As mentioned previously, I had an idea for a d&d adventure [“THE ENCHANTED PRINCESS”] based on the sort of archetypal fairy tale storyline that’s been popping up in movies lately:
There is a princess in an enchanted sleep at the top of a mountain, guarded by a dragon. Her existence is almost legendary, for many adventurers have died trying to defeat the dragon over the many years. Little is known except the location of the mountain, which is avoided by most.
That’s really all I had, and it was inspired by a combination of SHREK and the FIVE HUNDRED KINGDOMS books by Mercedes Lackey. I was a bit leery about the dragon bit because it’ll be awhile before the party is ready to face anything truly badass, but I came across a level 3 young white dragon in the Adventure Builder Tools thing from Wizards. There are two, but the one I noticed first was Khekolak, from the Draconomicon: Chromatic Dragons.
From reading about Dragonborn when I was making Surina, I had an idea that it would be cool if the princess was a Tiefling, a princess from the actual Empire of Bael Turath who has been slumbering for ages (a la Sleeping Beauty without the other trappings). I thought she might make a really cool NPC and have access to some interesting information, be a cool plot point, and the jewelry just on her person would likely be suitable for a treasure/quest reward.
And I liked the idea of the encounters around the mountain being with dragon-esque creatures, things you might see around a big dragon, like perhaps a clan of dragonborn in service to a dragon, which is relatively rare but does happen. There could also be wyrmlings maybe, or dragonkin, or something otherwise reptilian and appropriate. I was sure I could find something.
So then I decided to sit down and read that book about dragons, because to have my Turath Princess, the dragon would have to be old, and I had a weird feeling that dragons guarding princesses might not make too much sense. And I was pretty much right that none of this was likely to work in this game’s setting without quite a lot of tweaking, but then I came across the brown dragons, and this line:
Brown dragons revel in the comfort of sand-covered lairs filled with treasure they have filched from desert tombs. Browns also like exotic live food kidnapped from far lands.

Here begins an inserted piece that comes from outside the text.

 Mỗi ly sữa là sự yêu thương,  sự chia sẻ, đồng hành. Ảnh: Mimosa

Aha! My Tiefling Princess could be an adventurous younger daughter, kidnapped by an adult brown dragon for food. Given the history between dragons and the Bael Turath Empire, it even makes a political kind of sense. Only this would have been so long ago that the dragon would be ridiculously powerful. There’s no way my party could deal with him… and besides, I’d kind of had my heart set on it being a mountain.
I did remember something I read about elder dragons, though, namely how they might:
…take on strange or surprising hobbies, passing the years by studying select periods in history, mastering rituals, or researching other planes.

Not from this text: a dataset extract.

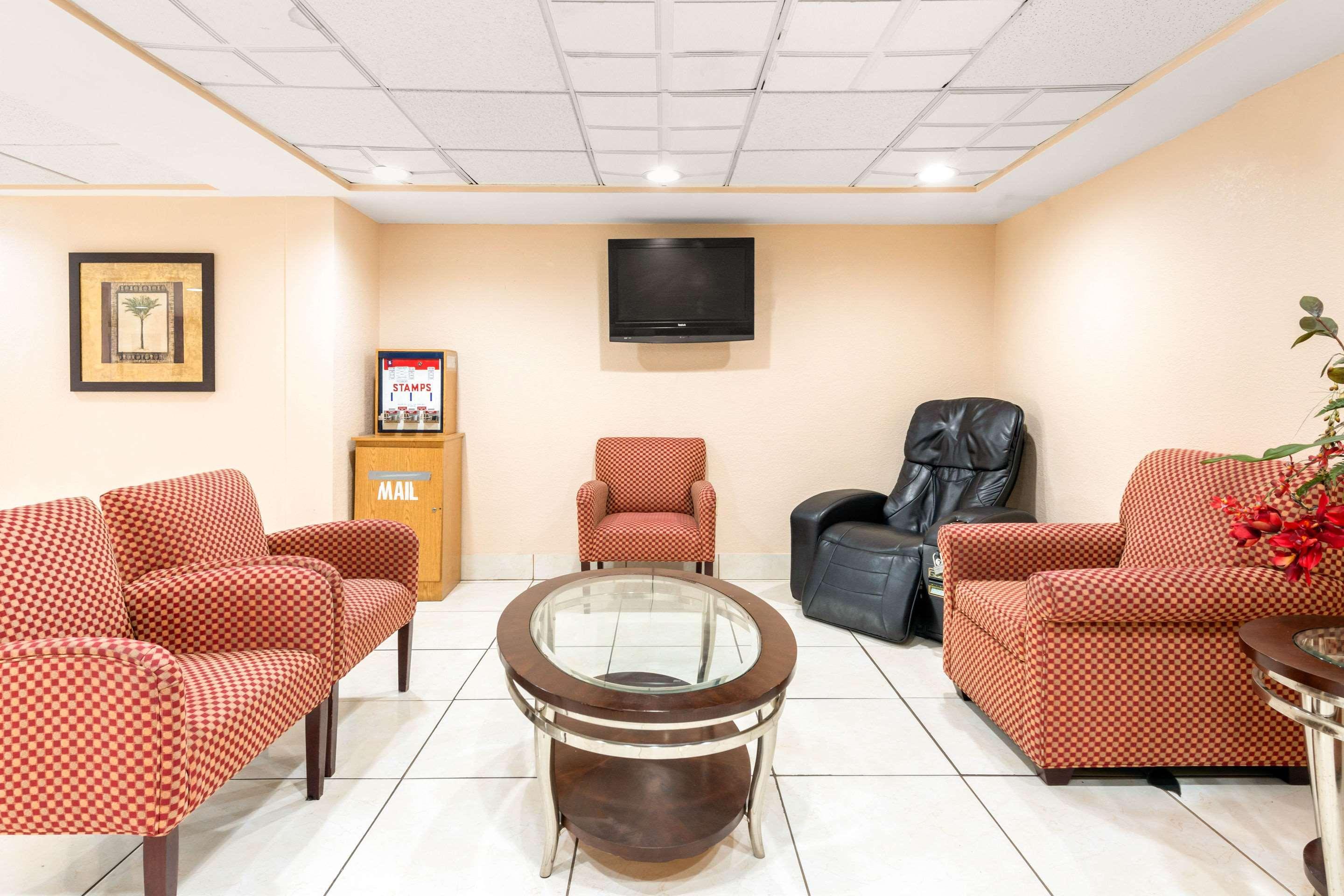 Quality Inn & Suites Orlando Airport Luaran gambar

Maybe the brown dragon was at the cusp of adult and elder, and used the Tiefling Princess to perfect a new kind of sleep spell (in the draconic ritual sense, at least) — one deeper and more powerful than the kind mortals are used to, that almost acts more like a stasis. Or a refridgerator, to keep gourmet living food around longer, a truer part of the horde.
The brown dragon, being around at the time of Arkhosia, would likely have had dragonborn underlings or minions. The clan could have continued, feral, even after the brown dragon’s death, serving the desires of the dragon and keeping the lair protected, including the vast horde, like a cult. Eventually, the landscape might have changed, and the weaker rocks fallen away to have a mountain, cliffs at the edge of a sea. I’m not a geography expert, but this is D&D and there are any number of possible fantastical explanations for how a desert could have become home to a mountain.
Centuries later, the dragonborn cult slash clan still protecting the horde faithfully, a young blue dragon in search of a lair could have stumbled upon the location, appropriated the horde and the cult (happy to have a dragon to serve at all), and settled into high style. Blue dragons, after all,
enjoy both the opportunity to command others (thus showing their superiority) and the accomplishment of goals without having to exert themselves.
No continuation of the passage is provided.